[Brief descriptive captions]
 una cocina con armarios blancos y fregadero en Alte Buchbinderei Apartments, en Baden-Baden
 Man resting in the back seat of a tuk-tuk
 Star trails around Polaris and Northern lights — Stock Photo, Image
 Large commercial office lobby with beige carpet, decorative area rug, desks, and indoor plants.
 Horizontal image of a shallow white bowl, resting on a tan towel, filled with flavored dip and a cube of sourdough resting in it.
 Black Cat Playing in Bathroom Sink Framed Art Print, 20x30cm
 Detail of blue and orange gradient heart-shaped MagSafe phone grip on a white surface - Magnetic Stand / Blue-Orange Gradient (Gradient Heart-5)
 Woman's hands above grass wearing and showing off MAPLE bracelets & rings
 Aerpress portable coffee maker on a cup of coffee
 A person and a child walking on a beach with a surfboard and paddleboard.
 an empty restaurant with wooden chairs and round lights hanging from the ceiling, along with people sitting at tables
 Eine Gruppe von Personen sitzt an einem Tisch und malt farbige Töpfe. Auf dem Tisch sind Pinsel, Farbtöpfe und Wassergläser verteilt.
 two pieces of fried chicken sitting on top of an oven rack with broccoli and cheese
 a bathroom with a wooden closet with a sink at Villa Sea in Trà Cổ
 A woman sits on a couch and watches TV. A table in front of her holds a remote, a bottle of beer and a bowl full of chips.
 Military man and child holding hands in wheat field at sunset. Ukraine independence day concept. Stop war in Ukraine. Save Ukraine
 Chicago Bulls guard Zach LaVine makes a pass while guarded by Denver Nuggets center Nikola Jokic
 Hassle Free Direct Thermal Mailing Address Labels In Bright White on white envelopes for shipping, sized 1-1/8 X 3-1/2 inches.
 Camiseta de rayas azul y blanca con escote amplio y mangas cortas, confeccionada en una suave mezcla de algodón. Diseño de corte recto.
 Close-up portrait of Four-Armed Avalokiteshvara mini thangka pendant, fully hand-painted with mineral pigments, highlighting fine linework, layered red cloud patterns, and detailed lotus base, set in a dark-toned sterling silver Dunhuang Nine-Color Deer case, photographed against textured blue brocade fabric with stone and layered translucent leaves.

What you should do> Only one stretch of the records above is wanted: the lines between the one holding "Aerpress portable coffee" and the one holding "Chicago Bulls guard", inclusive, reproduced exactly.

Output below>
 Aerpress portable coffee maker on a cup of coffee
 A person and a child walking on a beach with a surfboard and paddleboard.
 an empty restaurant with wooden chairs and round lights hanging from the ceiling, along with people sitting at tables
 Eine Gruppe von Personen sitzt an einem Tisch und malt farbige Töpfe. Auf dem Tisch sind Pinsel, Farbtöpfe und Wassergläser verteilt.
 two pieces of fried chicken sitting on top of an oven rack with broccoli and cheese
 a bathroom with a wooden closet with a sink at Villa Sea in Trà Cổ
 A woman sits on a couch and watches TV. A table in front of her holds a remote, a bottle of beer and a bowl full of chips.
 Military man and child holding hands in wheat field at sunset. Ukraine independence day concept. Stop war in Ukraine. Save Ukraine
 Chicago Bulls guard Zach LaVine makes a pass while guarded by Denver Nuggets center Nikola Jokic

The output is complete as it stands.